OPINION: Smartphone battles in Asia

Atul Satija, VP and managing director for Asia-Pacific at InMobi, reckons Asia is poised to be the next battlefront in the smartphone war.

Atul Satija, VP and managing director for Asia-Pacific at InMobi.
Atul Satija, VP and managing director for Asia-Pacific at InMobi.

Apple and Google are drawing battle lines in the United States, setting the stage for a drawn-out operating system (OS) fight. Apple is counting on devices like the iPad 2 to bolster the iPhone and spread the use of its operating system, iOS, while Google’s open-source Android OS is available on a wider range of devices in many different versions. Microsoft is not standing idly by, as the latest iteration of its Windows Mobile OS is making its presence felt. These three major players are putting pressure on other OSes, and the smartphone war is truly in full swing.
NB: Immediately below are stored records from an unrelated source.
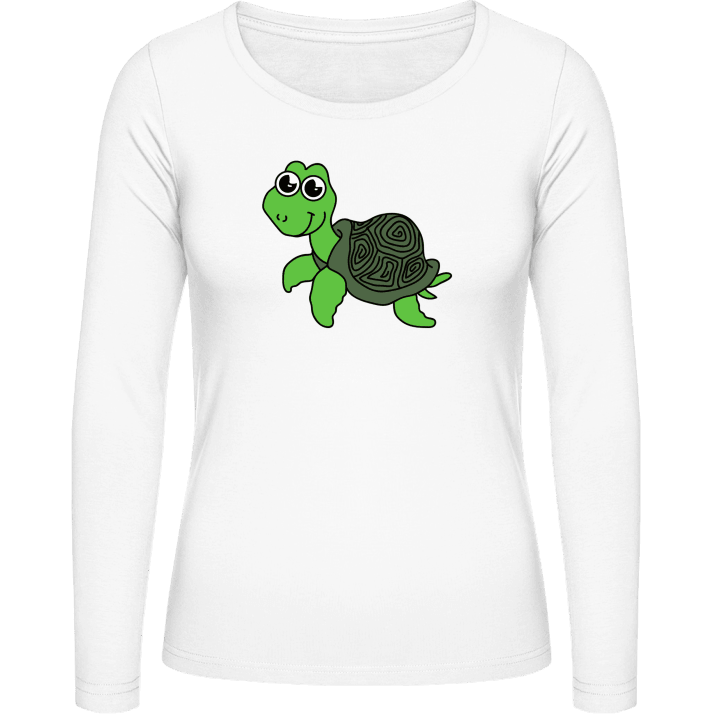 Cute Turtle Camicia donna a maniche lunghe 0 image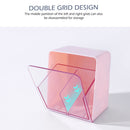 Cotton Swabs Qtips Storage Organizer 2 Grids Separate Holder Box (Pink) Newly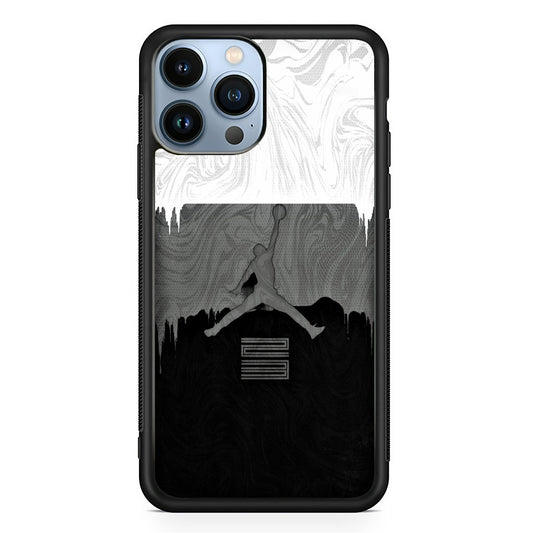 Jordan Art Drip Paint White iPhone 13 Pro Max Case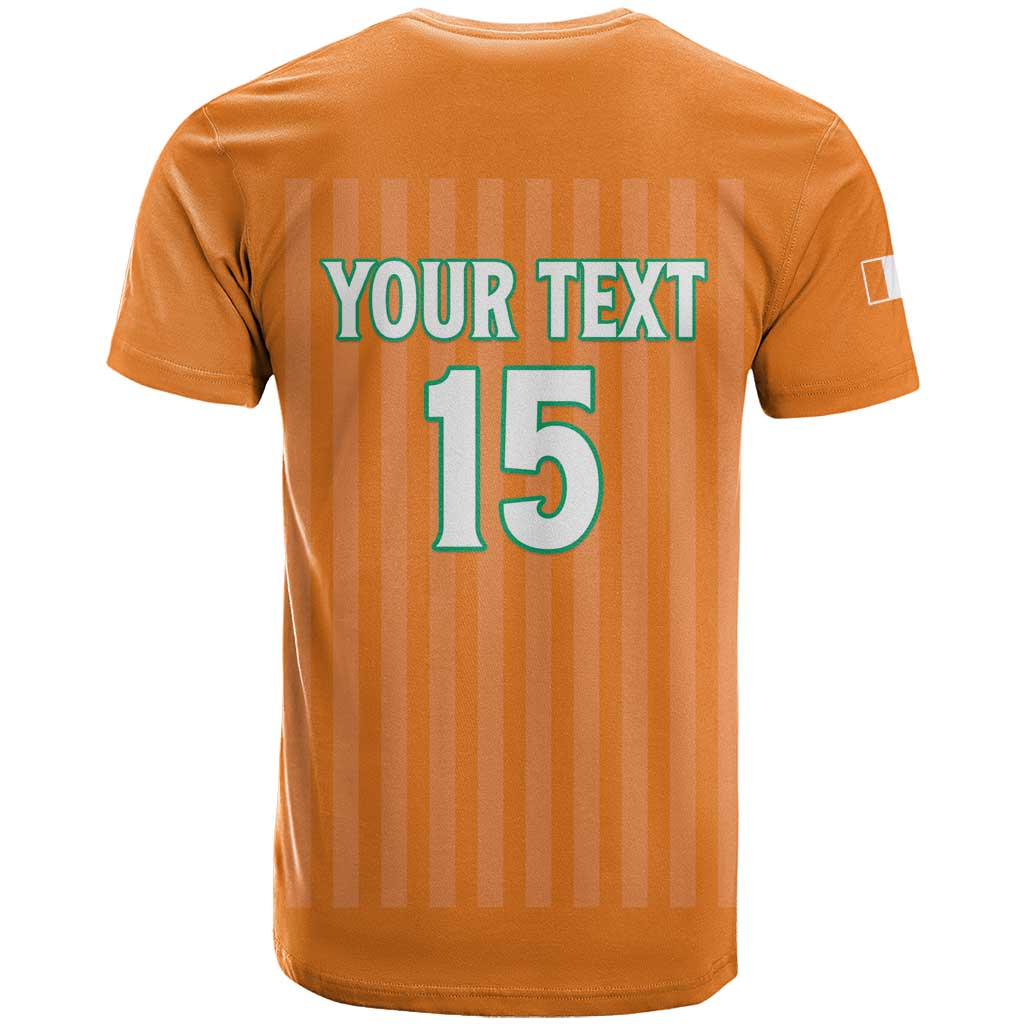 Custom Cote dIvoire Football T shirt Les Elephants LT15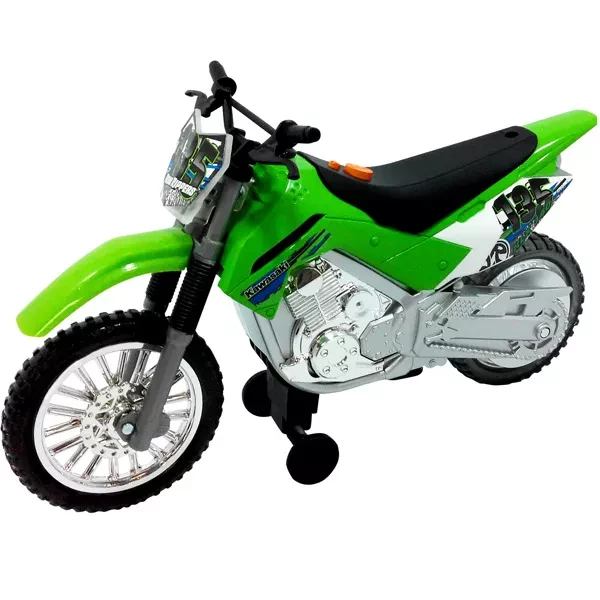 TOY STATE Мотоцикл Kawasaki KLX 140 Moto-Cross Bike со светом и звуком 25 см - 1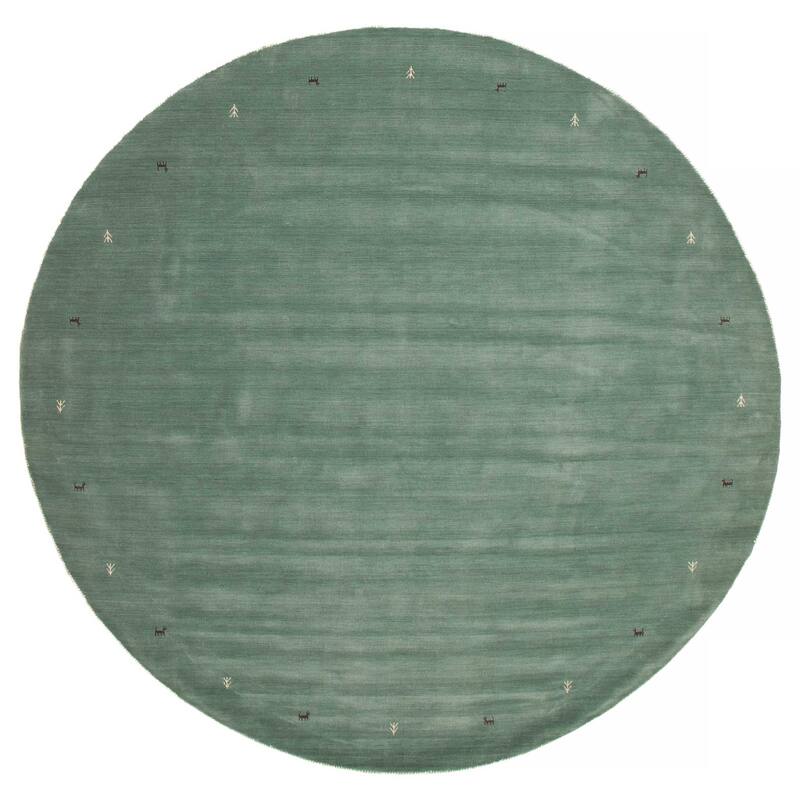 Kashkuli Gabbeh Turquoise Rug 9'9" x 9'9" - 9'9 x 9'9 - Turquoise - 9'9 x 9'9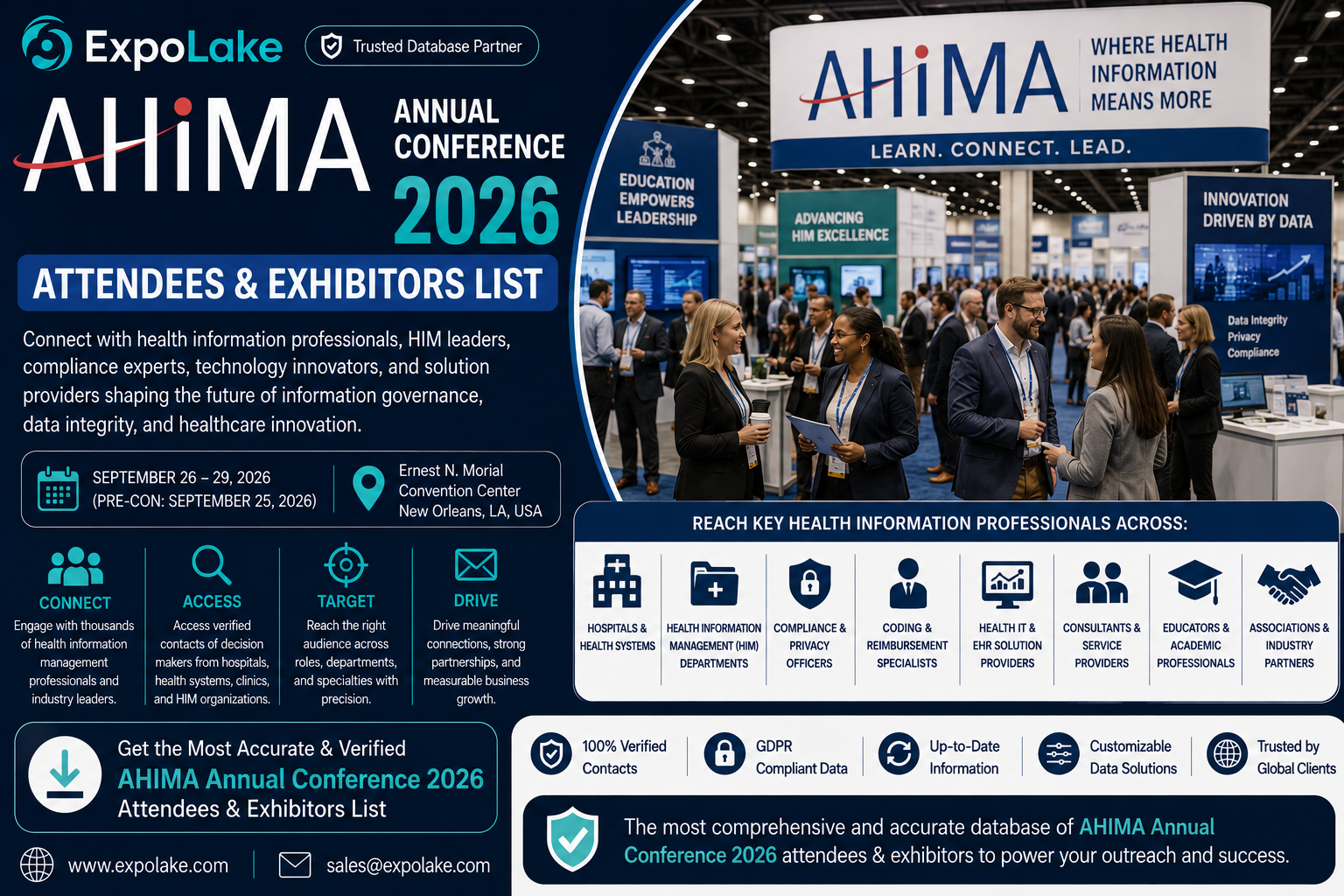 AHIMA Annual Conference 2026 Attendees & Exhibitors List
At this point, it is worth considering the situation in Asia. Asia is a much more fragmented market with different countries at different levels of sophistication and technological advancement. Relative to the United States and Europe, Asia is generally lagging in areas such as smartphone uptake and 3G technology, with feature phones still popular in countries with lower per-capita incomes and less developed infrastructure. Yet it is Asian countries that are fuelling growing global demand. According to the International Telecommunication Union (ITU), India and China alone added 300 million new mobile subscriptions in 2010, more than the total mobile subscribers in the United States.
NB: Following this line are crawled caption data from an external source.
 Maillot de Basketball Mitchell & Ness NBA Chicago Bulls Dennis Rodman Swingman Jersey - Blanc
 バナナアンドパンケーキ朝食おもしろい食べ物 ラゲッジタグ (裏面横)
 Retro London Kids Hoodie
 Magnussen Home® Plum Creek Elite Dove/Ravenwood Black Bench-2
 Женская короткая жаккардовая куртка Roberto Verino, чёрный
InMobi’s advertising impression data reveals a very interesting situation in Asia. Smartphone penetration is spearheaded by the iPhone, which held 10.6 per cent of the market as of January 2011, making it the number one handset in Asia. Yet Asia remains a Nokia stronghold, like Africa, with the manufacturer's handsets taking up the remaining spots in the top ten. As smartphone penetration increases, Android and iPhone OS continue to quickly capture share (+4.8 per cent share points combined) of mobile ad inventory from the traditional strongholds of Nokia and Symbian OS (51.6 per cent combined share). iOS has an 10.9 per cent share in Asia compared to Android’s share at 5.2 per cent. As far as OSes go, Symbian and Nokia OS still dominate the region.
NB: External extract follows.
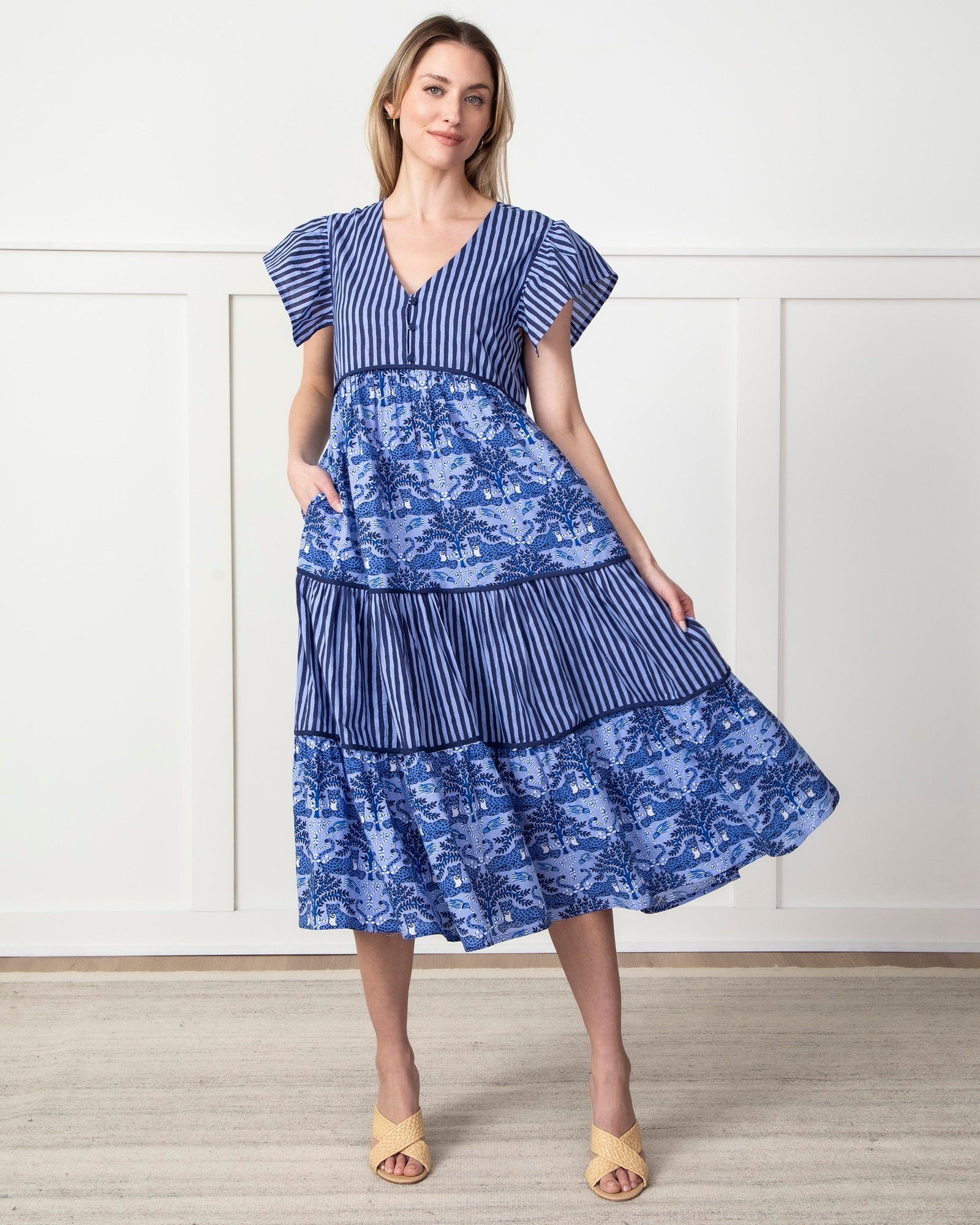 Charming Cheetahs - Main Character Dress | Blue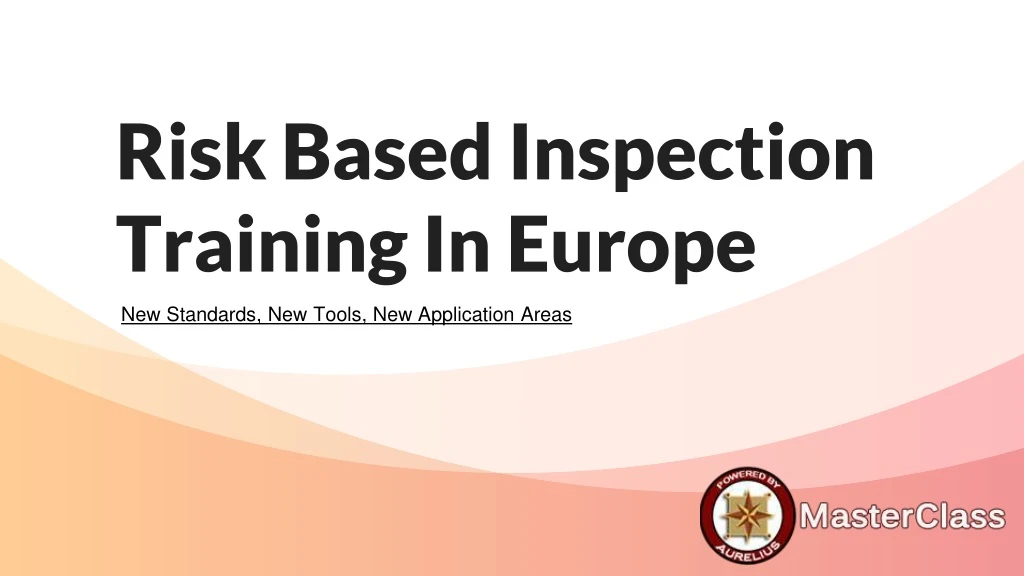 risk based inspection training in europe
It’s only a matter of time, however – smartphones primarily drove Asian impression growth on the InMobi network, growing 69 per cent compared to advanced phones which grew by 27 per cent. Smartphones currently represent 23 per cent of the impressions in the region, and the ratio continues to grow. Android's share nearly quadrupled in 90 days, reflecting the multiple manufacturers, price points and its open nature. Android and iPhone OS continue to capture share, although Android has a slightly faster pace. This is reflected by the heightened smartphone gains (1,543 million impressions) between October 2010 and January 2011.

These figures make it clear that iOS and Android are gaining ground in Asia, but still have quite a way to go before they assert the same dominance that they do in other parts of the world. Where Asia is ahead of the rest of the world is in mobile screen mindshare. In Asia, the mobile phone screen is the primary screen for internet use, a fact which will drive Asia to innovate in the mobile space potentially ahead of the world’s most advanced media markets. Still, it looks like the smartphone battles have yet to be fought in Asia.